The execution of your solution shell will be evaluated using the test cases that are included in your project directory. To receive credit for the test cases, your shell should pass the provided test case, as determined by make clean && make utcsh && make check.
Your code must compile without any additions or adjustments, or you will receive a 0 for the test cases portion of your grade.
Do not use _exit() for this assignment---use exit() instead.
You are encouraged to not use linux.cs.utexas.edu for development. Instead, please find another option using the department's list of public UNIX hosts.
You are encouraged to reuse your own code that you might have developed in previous courses to handle things such as queues, sorting, etc. You are also encouraged to use code provided by a public library such as the GNU library.
You may not look at the written work of any student other than your partner. This includes, for example, looking at another student's screen to help them debug or looking at another student's print-out. See the syllabus for additional details.
If you find that the problem is under specified, please make reasonable assumptions and document them in the README.shell file. Any clarifications or revisions to the assignment will be posted to EdStem.
After you finish your code, use make turnin to submit a compressed tarball named turnin.tar for submission. It may be a good idea to unpack this tarball into a clean directory on a UTCS linux system to make sure it still compiles. You should then upload the file to the Project 0 Test Cases assignment on Canvas. Make sure you have included the necessary information in the README.shell and placed your pair programming log in the project directory. Submitting the wrong tar file will result in a grade of 0, in particular, make sure you do not turn in the original skeleton tar file.
Once you have completed your design document, please submit it to the Project 0 Design and Documentation assignment in Canvas. Make sure you have included your name, CS login, and UT EID in the design document.
The purpose of the design document is to explain and defend your design to us. Its grade will reflect both your answers to the questions and the correctness and completeness of the implementation of your design. It is possible to receive partial credit for speculating on the design of portions you do not implement, but your grade will be reduced due to the lack of implementation.
Code will be evaluated based on its correctness, clarity, and elegance according to the Grading Criteria and detailed Project 0 rubric. Strive for simplicity. Think before you code.

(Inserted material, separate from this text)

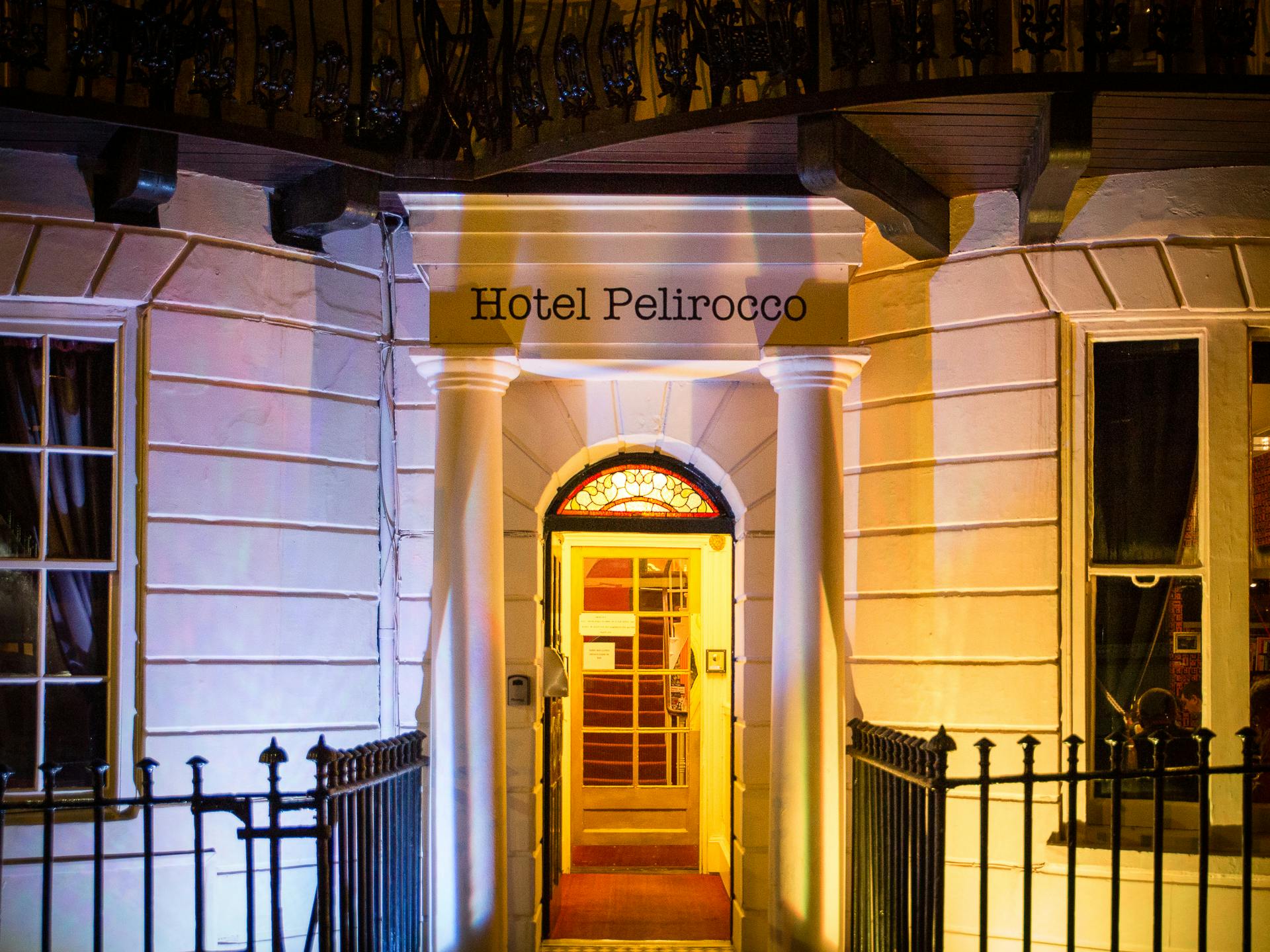 Inviting entrance of Hotel Pelirocco, ideal for events and gatherings.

The most important factor in grading your code design and documentation will be code inspection and evaluation of the descriptions in the write-ups. Remember, if your code does not follow the standards, it is wrong. If your code is not clear and easy to understand, it is wrong.
Project adapted from one used in OSTEP. Many thanks to the Drs. Arpaci-Dusseau for permission to use their work.
[1]: This is both an homage to the UTCS
department and a play on the name of the popular tcsh
shell.
[2]: Note that we check the return value
of the write call in spite of the fact that all we can do if it's wrong is
exit. This is good programming practice, and you should be sure to always check
the return codes of any system or library call that you make.
[3]: Sometimes you hear PATH
referred to as "the path," but in most real-world contexts,
you will need to deduce which one is meant from context.